Communiqué du SNFOLC du 3 mai 2018

A retrouver en pdf ici: 03 Bac lycées postes statuts CMQ SNFOLC 3 mai

Baccalauréat, lycée, postes, statuts… AG partout pour discuter et décider des suites!

Après la réforme du baccalauréat, majoritairement rejetée par les personnels et leurs organisations syndicales, le ministre a présenté sa réforme du lycée lors du Conseil supérieur de l’éducation du 12 avril. Elle aussi rejetée ! Le gouvernement utilise une même méthode : ne pas répondre aux revendications, passer en force partout contre les droits et garanties collectives des cheminots, des fonctionnaires, des salariés, des étudiants et des retraités.

Dans l’Education nationale également, le gouvernement cherche à imposer ses contre-réformes destructrices des postes, des disciplines, des statuts, des conditions de travail.

Avec la réforme « Blanquer » du lycée, le volume d’heures d’enseignement diminue, en Seconde, Première et Terminale. Nombre de disciplines sont menacées, avec la définition d’enseignements pouvant regrouper plusieurs disciplines : « Humanités, littérature et philosophie » par exemple. La possibilité de choisir trois enseignements de spécialité en Première, puis deux en Terminale, dessine les contours d’un lycée à la carte, de postes d’enseignants à la carte : aucun n’a la garantie de conserver son service d’une année sur l’autre et de pouvoir enseigner dans un seul établissement. L’autonomie des lycées est accentuée ainsi que la concurrence entre les disciplines : options et dédoublements financés (ou non) par la marge d’établissement, définition locale des heures attribuées à l’accompagnement personnalisé…

« L’accompagnement au choix de l’orientation » reviendra demain aux professeurs, aux conseillers principaux d’éducation, et même à… des intervenants extérieurs ! Les psychologues de l’Education nationale sont aussi concernés mais pour ces derniers, le projet de loi dit « sur la liberté de choisir son parcours professionnel » et les déclarations du ministre confirment que tous les CIO ont vocation à disparaître, que les personnels des DRONISEP seraient basculés aux régions. Les PsyEN réunis en assemblées générales dans plusieurs académies depuis le mois d’avril n’acceptent pas, ils ont raison.
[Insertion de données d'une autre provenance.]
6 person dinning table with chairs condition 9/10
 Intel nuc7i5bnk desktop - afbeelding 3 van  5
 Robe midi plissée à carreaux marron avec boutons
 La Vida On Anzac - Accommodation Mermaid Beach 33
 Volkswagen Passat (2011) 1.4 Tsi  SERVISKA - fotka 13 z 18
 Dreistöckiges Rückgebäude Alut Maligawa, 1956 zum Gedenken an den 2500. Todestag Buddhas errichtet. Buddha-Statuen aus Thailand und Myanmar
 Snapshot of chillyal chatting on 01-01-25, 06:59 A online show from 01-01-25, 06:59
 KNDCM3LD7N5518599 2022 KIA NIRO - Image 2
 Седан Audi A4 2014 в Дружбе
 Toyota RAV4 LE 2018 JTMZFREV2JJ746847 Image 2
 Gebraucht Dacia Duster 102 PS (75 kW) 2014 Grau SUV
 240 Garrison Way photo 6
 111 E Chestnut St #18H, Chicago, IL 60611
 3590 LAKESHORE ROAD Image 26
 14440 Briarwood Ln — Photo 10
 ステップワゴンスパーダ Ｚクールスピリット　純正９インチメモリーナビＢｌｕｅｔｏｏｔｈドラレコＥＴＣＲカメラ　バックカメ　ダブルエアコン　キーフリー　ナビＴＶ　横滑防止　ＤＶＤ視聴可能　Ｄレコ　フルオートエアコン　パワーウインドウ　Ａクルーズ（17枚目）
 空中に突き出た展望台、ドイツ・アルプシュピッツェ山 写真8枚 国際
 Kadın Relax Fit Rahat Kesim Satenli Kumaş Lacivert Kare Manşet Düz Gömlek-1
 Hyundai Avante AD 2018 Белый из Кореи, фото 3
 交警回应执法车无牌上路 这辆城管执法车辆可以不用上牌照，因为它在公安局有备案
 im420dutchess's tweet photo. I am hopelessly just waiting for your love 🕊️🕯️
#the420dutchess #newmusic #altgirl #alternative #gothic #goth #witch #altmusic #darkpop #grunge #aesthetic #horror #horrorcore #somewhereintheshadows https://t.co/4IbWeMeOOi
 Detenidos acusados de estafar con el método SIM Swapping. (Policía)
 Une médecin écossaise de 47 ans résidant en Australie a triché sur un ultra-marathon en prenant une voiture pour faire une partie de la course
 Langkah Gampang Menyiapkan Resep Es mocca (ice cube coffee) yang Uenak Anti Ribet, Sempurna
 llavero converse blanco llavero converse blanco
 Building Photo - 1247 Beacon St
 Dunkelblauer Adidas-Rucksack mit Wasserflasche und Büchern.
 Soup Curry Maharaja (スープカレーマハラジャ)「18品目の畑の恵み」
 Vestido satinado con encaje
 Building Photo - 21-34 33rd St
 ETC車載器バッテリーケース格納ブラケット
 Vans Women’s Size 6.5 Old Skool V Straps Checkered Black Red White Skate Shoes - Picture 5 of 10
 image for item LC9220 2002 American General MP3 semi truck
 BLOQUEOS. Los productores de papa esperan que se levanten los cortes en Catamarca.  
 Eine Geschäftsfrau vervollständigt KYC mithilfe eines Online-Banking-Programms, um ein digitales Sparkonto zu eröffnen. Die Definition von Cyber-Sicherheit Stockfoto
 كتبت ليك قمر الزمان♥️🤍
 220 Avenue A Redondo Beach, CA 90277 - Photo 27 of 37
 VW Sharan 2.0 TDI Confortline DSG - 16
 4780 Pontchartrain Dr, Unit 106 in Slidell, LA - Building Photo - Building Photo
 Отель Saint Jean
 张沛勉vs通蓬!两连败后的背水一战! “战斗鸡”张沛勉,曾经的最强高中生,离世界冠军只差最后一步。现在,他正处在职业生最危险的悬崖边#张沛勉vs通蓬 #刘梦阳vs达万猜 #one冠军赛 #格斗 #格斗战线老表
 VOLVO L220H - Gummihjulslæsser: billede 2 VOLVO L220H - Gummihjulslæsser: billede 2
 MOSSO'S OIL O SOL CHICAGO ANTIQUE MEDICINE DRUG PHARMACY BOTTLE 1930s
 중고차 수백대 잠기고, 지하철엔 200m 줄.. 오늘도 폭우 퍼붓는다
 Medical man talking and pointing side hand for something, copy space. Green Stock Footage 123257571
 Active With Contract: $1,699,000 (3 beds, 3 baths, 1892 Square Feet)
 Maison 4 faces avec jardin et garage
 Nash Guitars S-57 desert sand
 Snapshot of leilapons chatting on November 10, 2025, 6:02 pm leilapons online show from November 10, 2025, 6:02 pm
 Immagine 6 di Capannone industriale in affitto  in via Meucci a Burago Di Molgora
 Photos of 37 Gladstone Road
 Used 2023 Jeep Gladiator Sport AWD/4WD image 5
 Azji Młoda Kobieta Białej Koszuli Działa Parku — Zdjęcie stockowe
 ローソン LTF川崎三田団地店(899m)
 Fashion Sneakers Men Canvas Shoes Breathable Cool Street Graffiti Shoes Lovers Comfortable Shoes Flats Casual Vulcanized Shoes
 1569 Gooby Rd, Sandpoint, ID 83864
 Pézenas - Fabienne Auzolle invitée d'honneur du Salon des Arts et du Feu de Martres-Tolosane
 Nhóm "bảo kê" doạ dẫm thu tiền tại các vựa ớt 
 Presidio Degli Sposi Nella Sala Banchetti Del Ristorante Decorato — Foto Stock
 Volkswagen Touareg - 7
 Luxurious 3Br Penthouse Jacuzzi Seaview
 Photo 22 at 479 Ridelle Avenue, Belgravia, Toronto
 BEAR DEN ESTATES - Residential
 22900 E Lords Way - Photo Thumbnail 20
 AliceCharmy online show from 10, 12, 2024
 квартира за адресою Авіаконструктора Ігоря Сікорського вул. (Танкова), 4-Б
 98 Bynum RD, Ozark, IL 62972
Les personnels et leurs organisations syndicales exigent : défense du statut ! Retrait des réformes du baccalauréat et du lycée ! Retrait de la loi ORE et de Parcoursup !

Les contre-réformes ne passent pas. Les organisations syndicales, lycéennes et étudiantes de l’interfédérale nationale de l’éducation l’ont réaffirmé : elles exigent le retrait de la réforme du baccalauréat, de la réforme du lycée et de la loi ORE (communiqué du 19 avril 2018 – FERC CGT, FNEC FP-FO, FSU, SUD, SUNDEP, UNEF, FIDL, SGL, UNL, UNL-SD). Le baccalauréat doit rester un diplôme national et le premier grade universitaire permettant l’accès de tout bachelier à la filière universitaire et à l’université de son choix.

Au Conseil supérieur de l’éducation, FO, CGT, FSU et Solidaires, avec l’UNEF et le SGL, ont voté contre les textes sur le nouveau baccalauréat et le nouveau « lycée » qui ont tous recueilli un avis défavorable : épreuves locales, généralisation du contrôle continu, bac maison, les personnels n’en veulent pas.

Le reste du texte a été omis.